Mozilla, Professors, Scientists, Researchers Stand Up for Weev

Today the Mozilla Foundation joined an illustrious group of computer scientists and privacy researchers in an amicus brief the Center for Internet and Society filed in the United States Court of Appeals for the Third Circuit.  Jonathan Mayer and I wrote the brief, arguing that weev's conviction in U.S. v. Andrew Auernheimer should be reversed.  In the case, weev and his co-defendant noticed that AT&T’s website published iPad users’ email addresses when someone entered a URL that included an iPad’s unique identification number. The co-defendant created a script to keep entering random numbers to emulate the iPad IDs and got more than 114,000 email addresses as a result. Weev disclosed this security hole by telling journalists about the discovery and shared the list with Gawker. At trial, weev was convicted of violating the Computer Fraud and Abuse Act (CFAA) and sentenced to 41 months. 

In the brief, we show that legitimate, highly valuable security and privacy research commonly employs techniques that are essentially identical to what Auernheimer did in this case.
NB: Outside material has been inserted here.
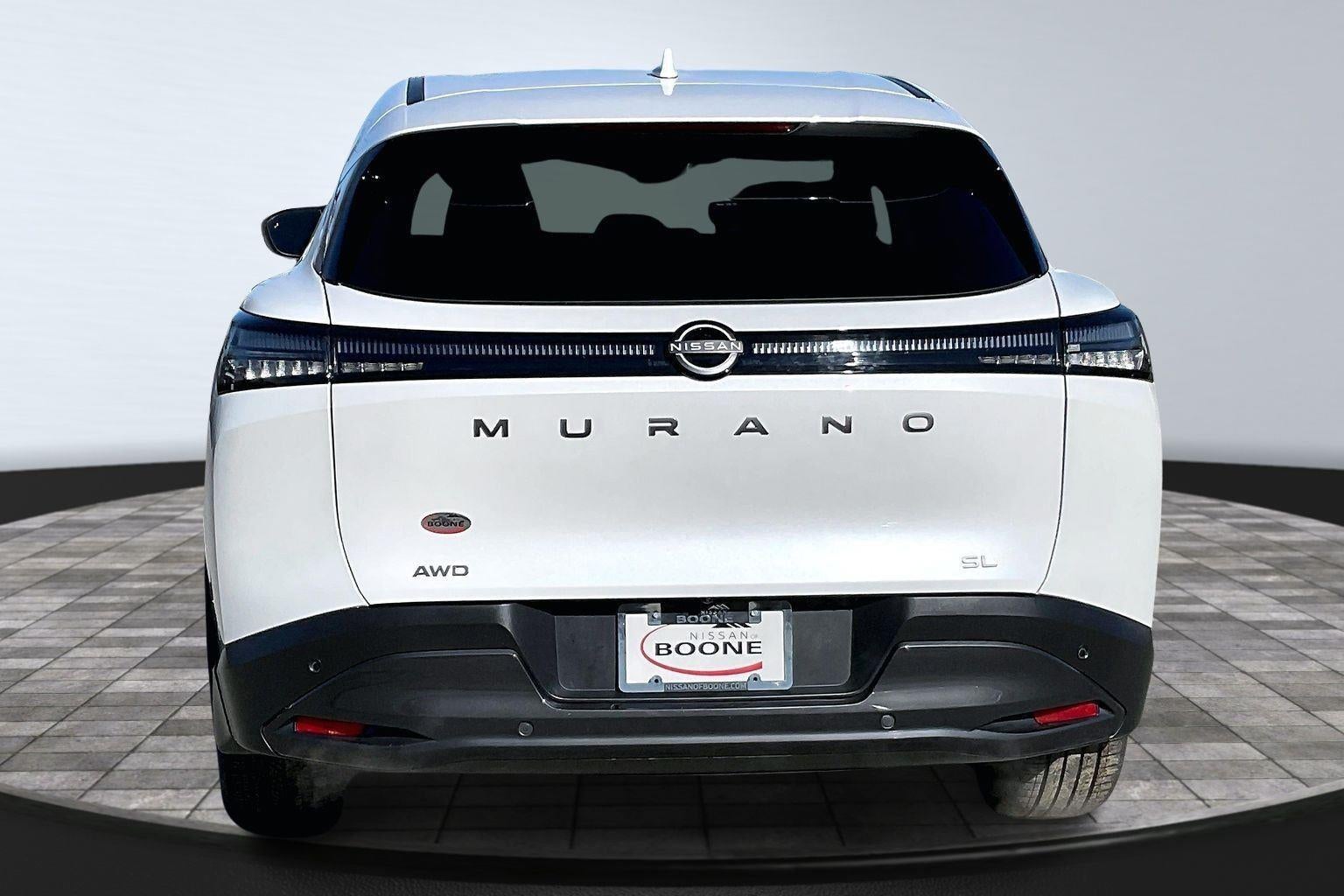 2025 Nissan Murano SL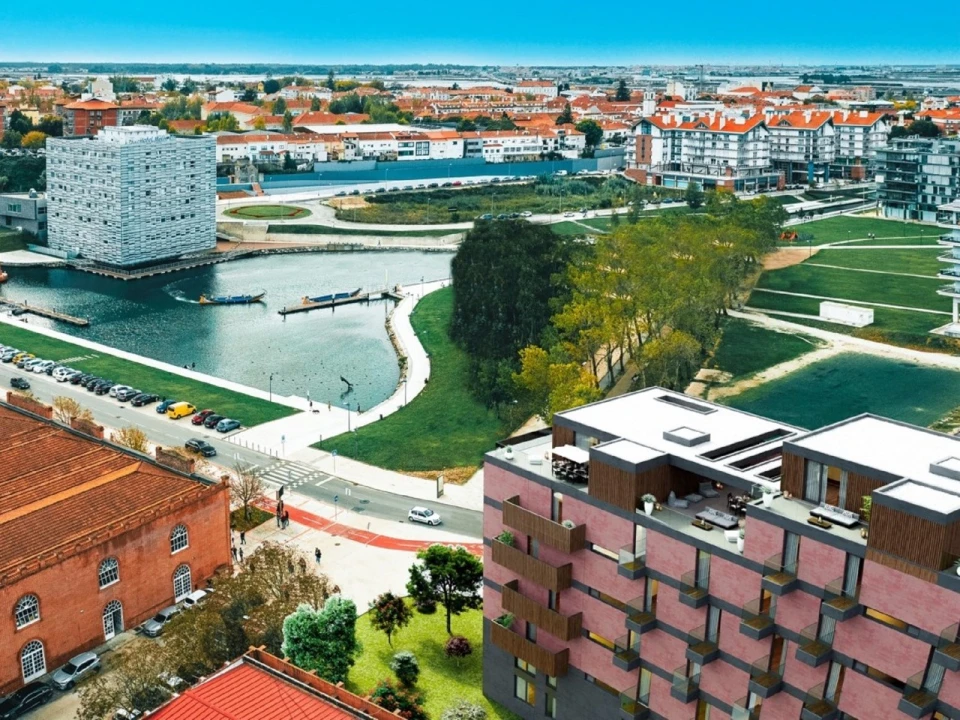 Apartamento T4 para Venda em Glória e Vera Cruz Foto 26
Most importantly, like Auernheimer, researchers cannot always conduct testing with the approval of a computer system’s owner. Such independent research is of great value to academics, government regulators and the public even when – often especially when — conducted without permission and contrary to the website owner’s subjective wishes. Businesses often have substantial economic, legal, and reputational interests in keeping their security flaws, privacy missteps, and other product or service shortcomings quiet. But these private, commercial desires are frequently at odds with the public interest and should not receive the force of criminal law. Such an application of the CFAA would greatly harm privacy and security and give private parties enormous power to enforce their parochial concerns against the public’s interest.

We hope that our brief will clarify the technical issues in the case and sensitize the Court to the ways that its ruling could help or harm security, privacy and user freedom online. It was a real honor to get to represent this set of amici in the case.